BEGIN

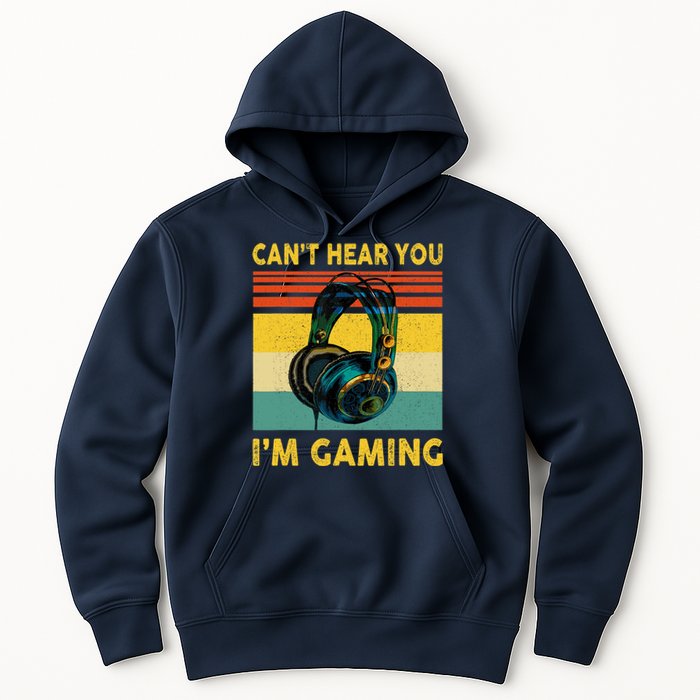 Sorry I Can't Hear You I'm Gaming Retro Gamer Gifts Boys Hoodie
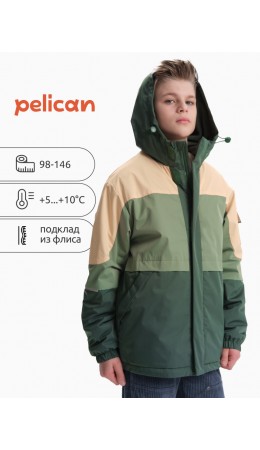 Ветровка для мальчиков Хаки(47)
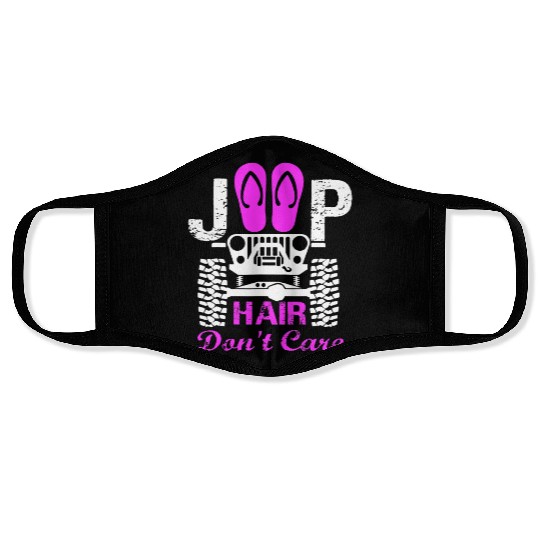 Jeep Hair Don't Care Face Masks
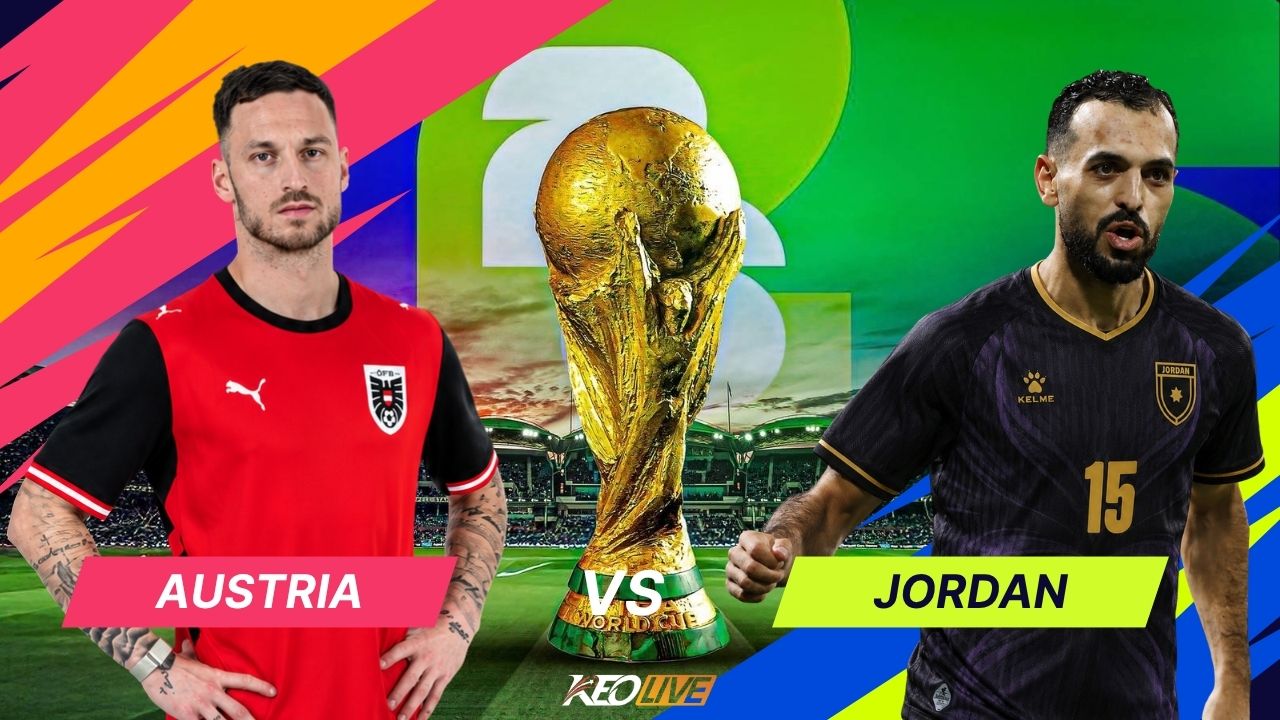 Trận đấu giữa Áo vs Jordan | Keolive
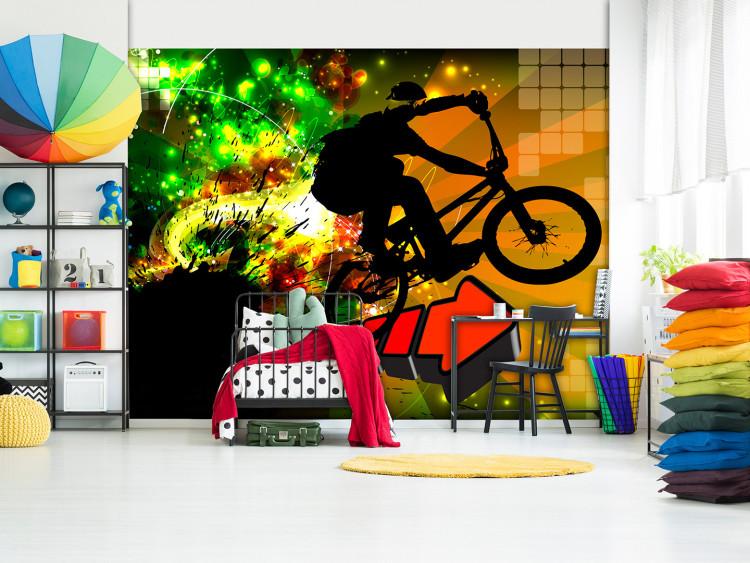 Wall Mural Bicycle Tricks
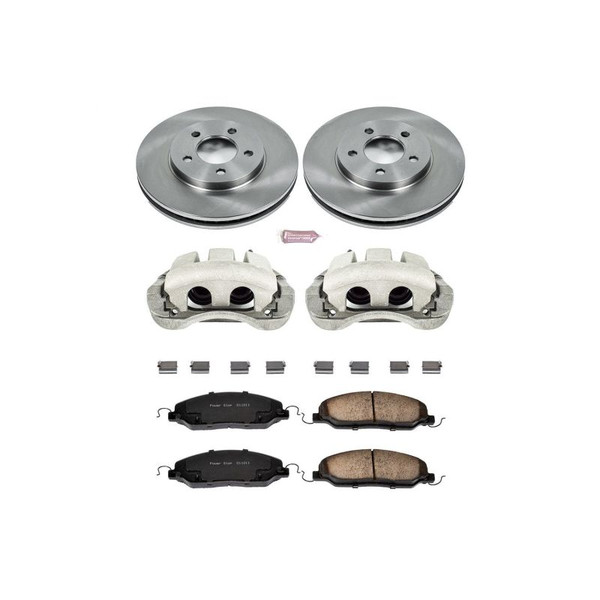 Power Stop 05-10 Ford Mustang Front Autospecialty Brake Kit w/Calipers - KCOE1382
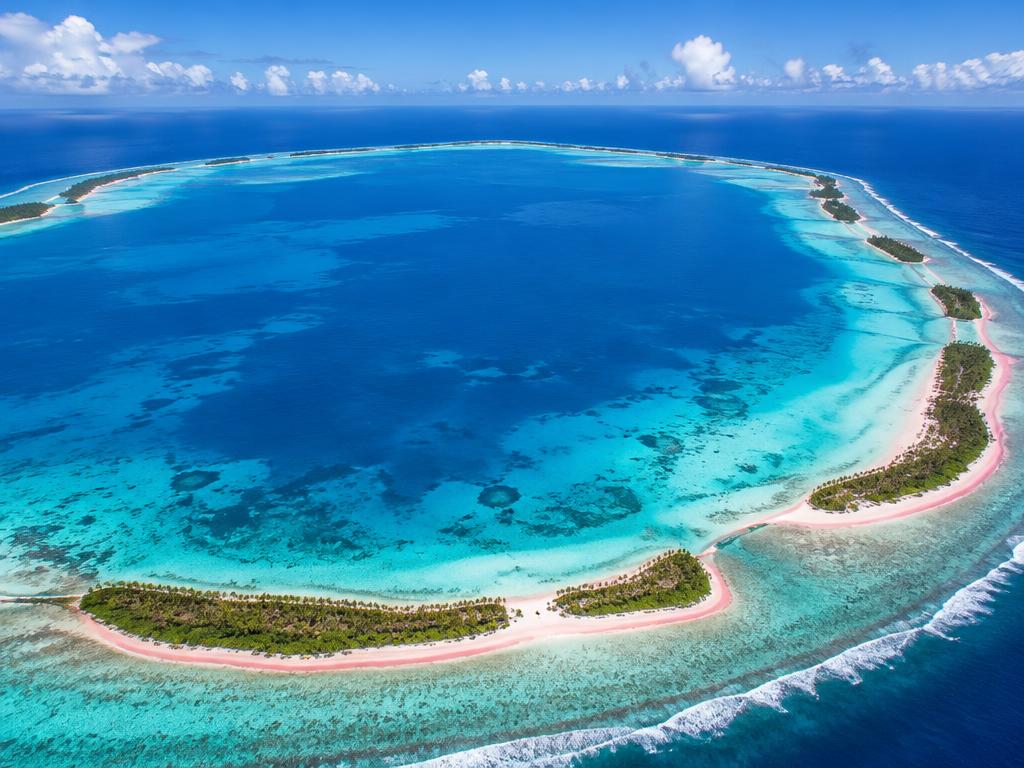 Imagen de referencia de Tahití y Bora Bora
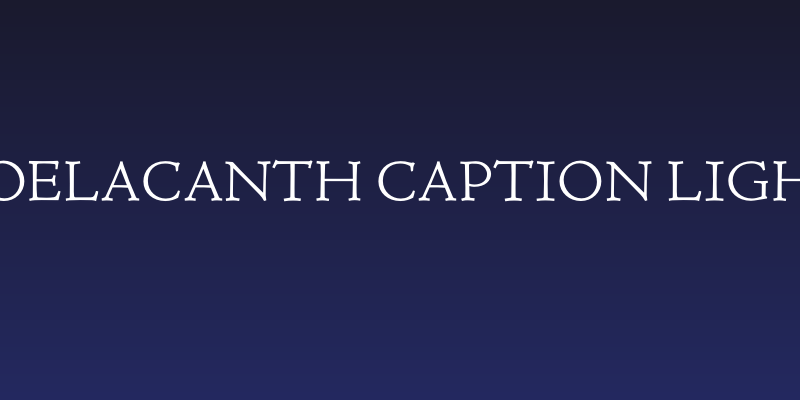 Coelacanth Caption Light Social Header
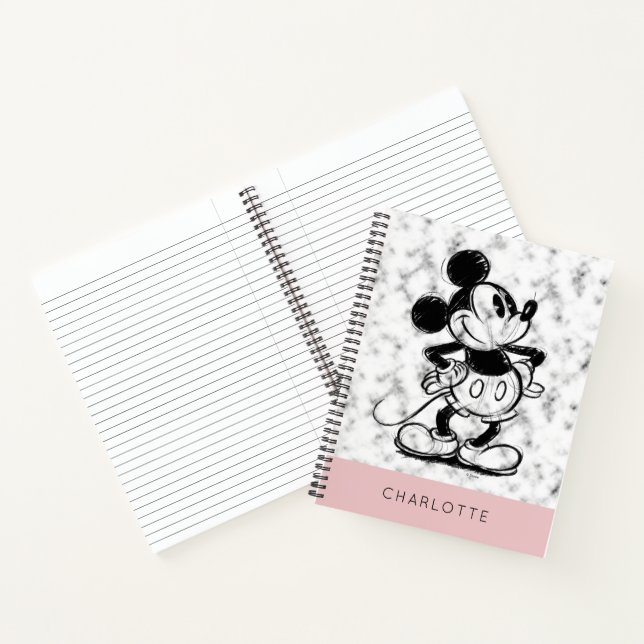 Mickey | Marble Notebook (Inside)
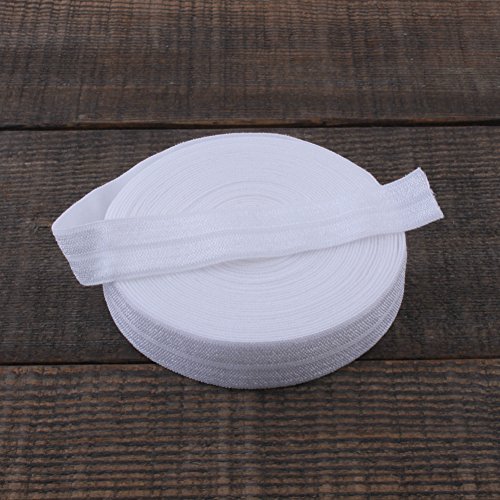 Basokan Solid Color Sewing Fold Over Elastic Stretch Foe And Foldover Foe Trim Elastic Ribbon By The Yard For Hair Ties Headbands (5/8 Inch, 1.5 Cm, 20 Yards, Mix 20 Colors) #TOP7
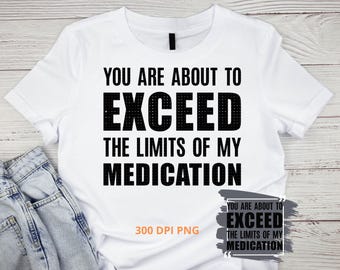 Funny Nurse PNG: Sarcastic Mental Health Quote, Transparent Background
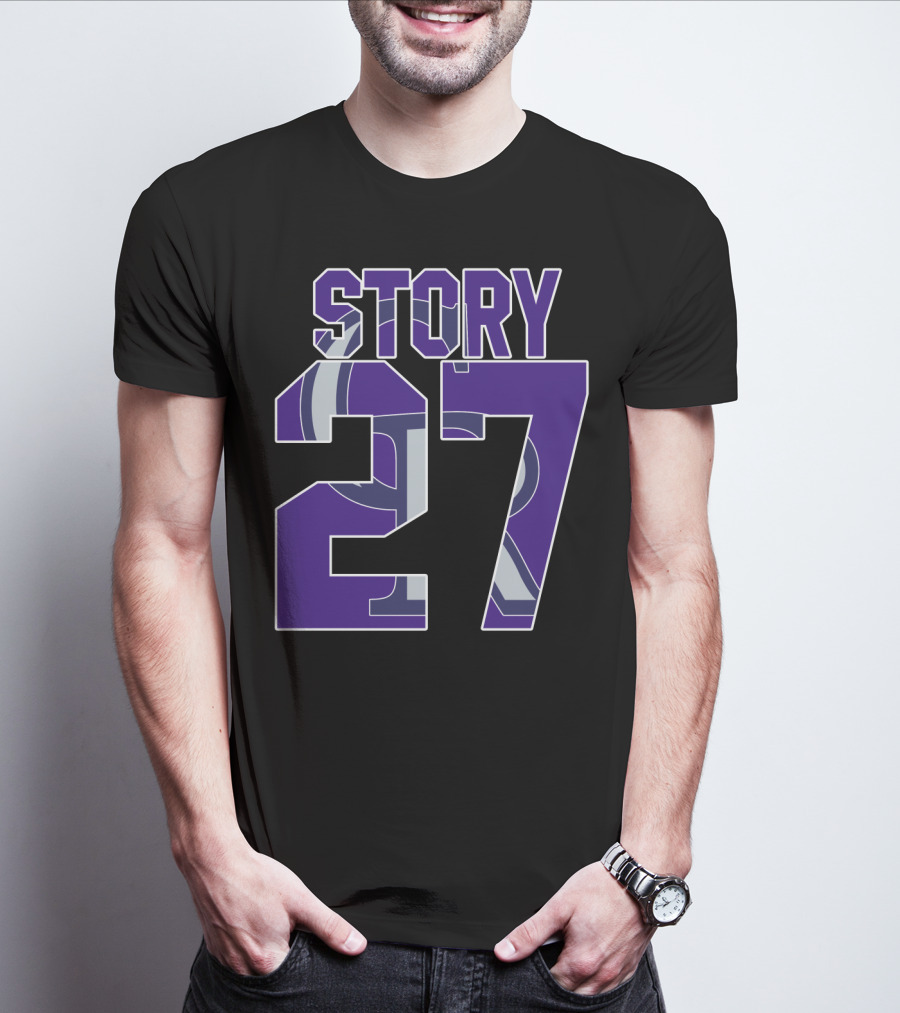 Colorado Rockies Story 27 Player Number T-Shirt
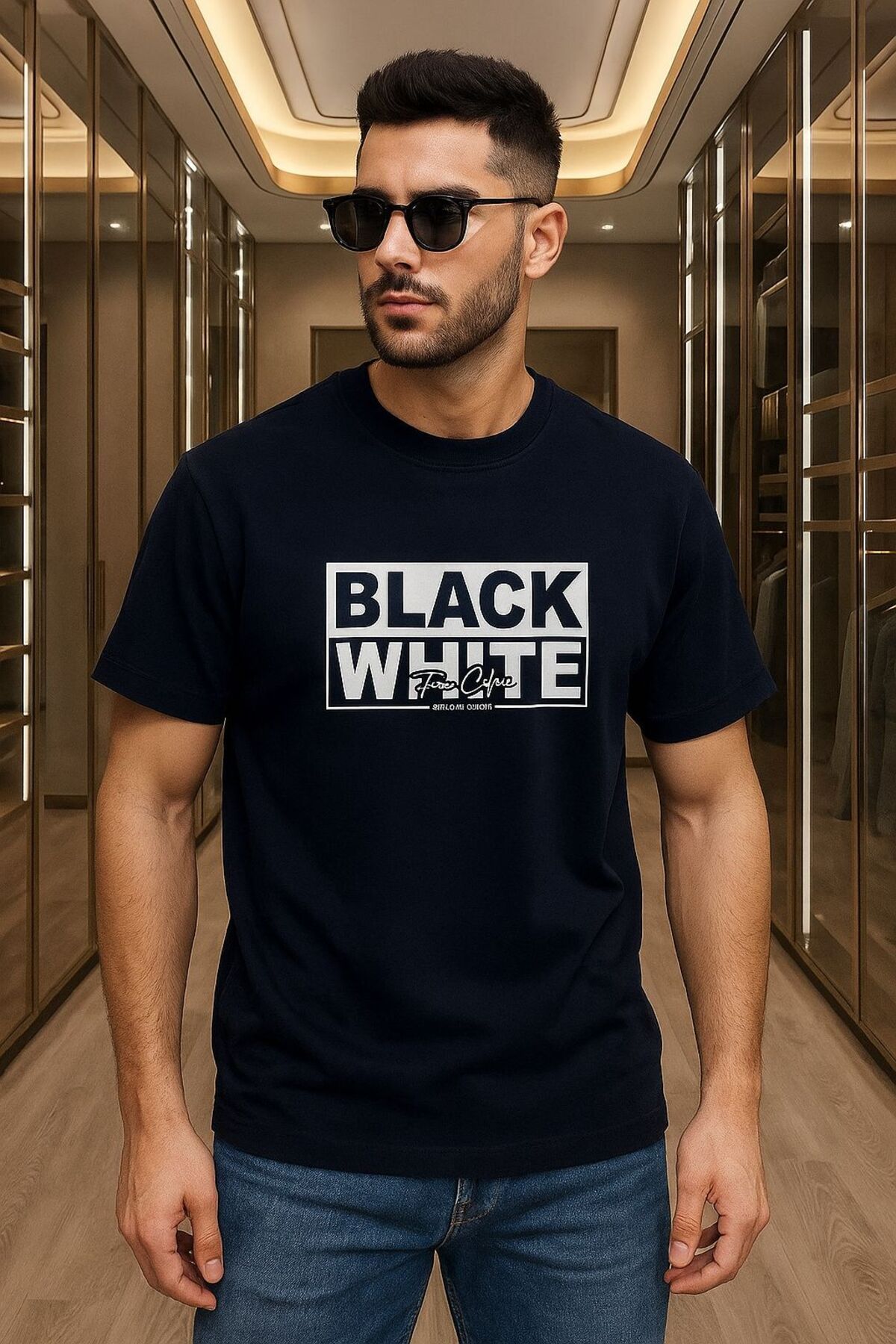 ELZE MODA A KALİTE PREMİUM BASKILI OVERSİZE T-SHİRT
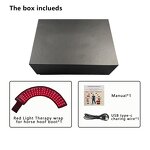 Red Light Therapy Bandage - 2025 660nm 850nm for Horse Hoof Pain Relief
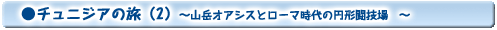 チュニジアの旅(2)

END

Each record above is to be returned unchanged, while any picture it holds stays out.

 Sorry I Can't Hear You I'm Gaming Retro Gamer Gifts Boys Hoodie
 Ветровка для мальчиков Хаки(47)
 Jeep Hair Don't Care Face Masks
 Trận đấu giữa Áo vs Jordan | Keolive
 Wall Mural Bicycle Tricks
 Power Stop 05-10 Ford Mustang Front Autospecialty Brake Kit w/Calipers - KCOE1382
 Imagen de referencia de Tahití y Bora Bora
 Coelacanth Caption Light Social Header
 Mickey | Marble Notebook (Inside)
 Basokan Solid Color Sewing Fold Over Elastic Stretch Foe And Foldover Foe Trim Elastic Ribbon By The Yard For Hair Ties Headbands (5/8 Inch, 1.5 Cm, 20 Yards, Mix 20 Colors) #TOP7
 Funny Nurse PNG: Sarcastic Mental Health Quote, Transparent Background
 Colorado Rockies Story 27 Player Number T-Shirt
 ELZE MODA A KALİTE PREMİUM BASKILI OVERSİZE T-SHİRT
 Red Light Therapy Bandage - 2025 660nm 850nm for Horse Hoof Pain Relief
 チュニジアの旅(2)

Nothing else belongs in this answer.